A callable object that can be used to perform the reduction

cuda.cccl.parallel.experimental.algorithms.make_unique_by_key(
d_in_keys,
d_in_items,
d_out_keys,
d_out_items,
d_out_num_selected,
op,
)#

Implements a device-wide unique by key operation using d_in_keys and the comparison operator op. Only the first key and its value from each run is selected and the total number of items selected is also reported.

Example

Below, unique_by_key is used to populate the arrays of output keys and items with the first key and its corresponding item from each sequence of equal keys. It also outputs the number of items selected.

import cupy as cp
import numpy as np

import cuda.cccl.parallel.experimental as parallel

def compare_op(lhs, rhs):
    return np.uint8(lhs == rhs)

h_in_keys = np.array([0, 2, 2, 9, 5, 5, 5, 8], dtype="int32")
h_in_items = np.array([1, 2, 3, 4, 5, 6, 7, 8], dtype="float32")

d_in_keys = cp.asarray(h_in_keys)
d_in_items = cp.asarray(h_in_items)
d_out_keys = cp.empty_like(d_in_keys)
d_out_items = cp.empty_like(d_in_items)
d_out_num_selected = cp.empty(1, np.int32)
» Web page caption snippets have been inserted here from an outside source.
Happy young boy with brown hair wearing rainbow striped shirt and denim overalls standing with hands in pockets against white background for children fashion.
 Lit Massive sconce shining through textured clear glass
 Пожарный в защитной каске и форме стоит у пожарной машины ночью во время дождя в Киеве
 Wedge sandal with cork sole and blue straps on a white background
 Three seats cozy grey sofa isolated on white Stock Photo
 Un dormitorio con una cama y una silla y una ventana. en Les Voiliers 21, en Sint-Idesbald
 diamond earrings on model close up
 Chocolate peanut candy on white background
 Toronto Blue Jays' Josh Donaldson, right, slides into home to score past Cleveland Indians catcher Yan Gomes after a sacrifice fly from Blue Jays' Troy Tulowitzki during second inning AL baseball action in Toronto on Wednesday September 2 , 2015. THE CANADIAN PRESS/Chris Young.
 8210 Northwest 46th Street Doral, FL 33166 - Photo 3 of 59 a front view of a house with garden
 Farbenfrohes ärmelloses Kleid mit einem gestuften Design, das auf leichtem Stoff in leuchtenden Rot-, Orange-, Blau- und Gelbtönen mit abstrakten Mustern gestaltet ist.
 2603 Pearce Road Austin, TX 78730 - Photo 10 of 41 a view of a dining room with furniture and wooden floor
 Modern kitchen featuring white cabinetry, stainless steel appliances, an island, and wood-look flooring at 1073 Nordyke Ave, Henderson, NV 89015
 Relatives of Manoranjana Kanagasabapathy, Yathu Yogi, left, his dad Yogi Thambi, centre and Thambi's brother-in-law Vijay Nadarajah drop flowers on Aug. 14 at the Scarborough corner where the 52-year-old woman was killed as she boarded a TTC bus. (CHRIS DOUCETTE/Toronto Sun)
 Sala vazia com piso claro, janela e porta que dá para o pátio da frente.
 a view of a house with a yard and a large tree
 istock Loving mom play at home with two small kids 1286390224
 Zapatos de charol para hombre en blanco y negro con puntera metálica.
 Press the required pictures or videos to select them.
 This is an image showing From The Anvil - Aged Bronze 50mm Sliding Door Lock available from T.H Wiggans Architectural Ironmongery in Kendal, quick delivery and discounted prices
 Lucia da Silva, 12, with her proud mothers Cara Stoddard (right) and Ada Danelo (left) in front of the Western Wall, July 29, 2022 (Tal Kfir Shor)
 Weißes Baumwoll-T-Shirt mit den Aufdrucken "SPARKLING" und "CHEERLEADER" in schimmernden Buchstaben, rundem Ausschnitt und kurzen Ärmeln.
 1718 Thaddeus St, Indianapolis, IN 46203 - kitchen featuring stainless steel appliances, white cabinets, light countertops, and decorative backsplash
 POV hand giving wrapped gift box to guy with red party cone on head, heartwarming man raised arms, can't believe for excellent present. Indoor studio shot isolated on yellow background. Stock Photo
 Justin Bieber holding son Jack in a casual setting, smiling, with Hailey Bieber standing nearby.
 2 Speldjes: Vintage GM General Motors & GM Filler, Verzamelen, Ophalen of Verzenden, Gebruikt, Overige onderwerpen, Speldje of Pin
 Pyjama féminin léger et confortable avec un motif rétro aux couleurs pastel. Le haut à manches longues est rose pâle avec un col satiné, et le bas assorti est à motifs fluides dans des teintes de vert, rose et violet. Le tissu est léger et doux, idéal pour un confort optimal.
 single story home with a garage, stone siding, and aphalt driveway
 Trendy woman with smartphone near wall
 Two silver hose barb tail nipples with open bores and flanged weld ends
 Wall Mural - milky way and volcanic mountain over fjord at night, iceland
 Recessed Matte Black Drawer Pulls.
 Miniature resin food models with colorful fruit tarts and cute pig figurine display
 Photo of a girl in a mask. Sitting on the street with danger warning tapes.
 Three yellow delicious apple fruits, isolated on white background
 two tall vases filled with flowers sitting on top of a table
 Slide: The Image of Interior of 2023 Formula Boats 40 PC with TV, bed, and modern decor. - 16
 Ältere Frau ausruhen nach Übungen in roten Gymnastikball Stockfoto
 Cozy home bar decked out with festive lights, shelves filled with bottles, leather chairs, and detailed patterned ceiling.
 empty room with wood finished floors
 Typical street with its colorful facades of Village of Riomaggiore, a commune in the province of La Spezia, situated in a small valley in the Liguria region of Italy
# Run unique_by_key with automatic temp storage allocation
parallel.unique_by_key(
    d_in_keys,
    d_in_items,
    d_out_keys,
    d_out_items,
    d_out_num_selected,
    compare_op,
    d_in_keys.size,
)

# Check the result is correct
num_selected = cp.asnumpy(d_out_num_selected)[0]
h_out_keys = cp.asnumpy(d_out_keys)[:num_selected]
h_out_items = cp.asnumpy(d_out_items)[:num_selected]

prev_key = h_in_keys[0]
expected_keys = [prev_key]
expected_items = [h_in_items[0]]

for idx, (previous, next) in enumerate(zip(h_in_keys, h_in_keys[1:])):
    if previous != next:
        expected_keys.append(next)

        # add 1 since we are enumerating over pairs
        expected_items.append(h_in_items[idx + 1])

np.testing.assert_array_equal(h_out_keys, np.array(expected_keys))
np.testing.assert_array_equal(h_out_items, np.array(expected_items))
Parameters:
  • d_in_keys (DeviceArrayLike | IteratorBase) – Device array or iterator containing the input sequence of keys

  • d_in_items (DeviceArrayLike | IteratorBase) – Device array or iterator that contains each key’s corresponding item

  • d_out_keys (DeviceArrayLike | IteratorBase) – Device array or iterator to store the outputted keys

  • d_out_items (DeviceArrayLike | IteratorBase) – Device array or iterator to store each outputted key’s item

  • d_out_num_selected (DeviceArrayLike) – Device array to store how many items were selected

  • op (Callable | cuda.cccl.parallel.experimental._bindings.OpKind) – Callable or OpKind representing the equality operator

Returns:

A callable object that can be used to perform unique by key

cuda.cccl.parallel.experimental.algorithms.make_unary_transform(d_in, d_out, op)#

Create a unary transform object that can be called to apply a transformation to each element of the input according to the unary operation op.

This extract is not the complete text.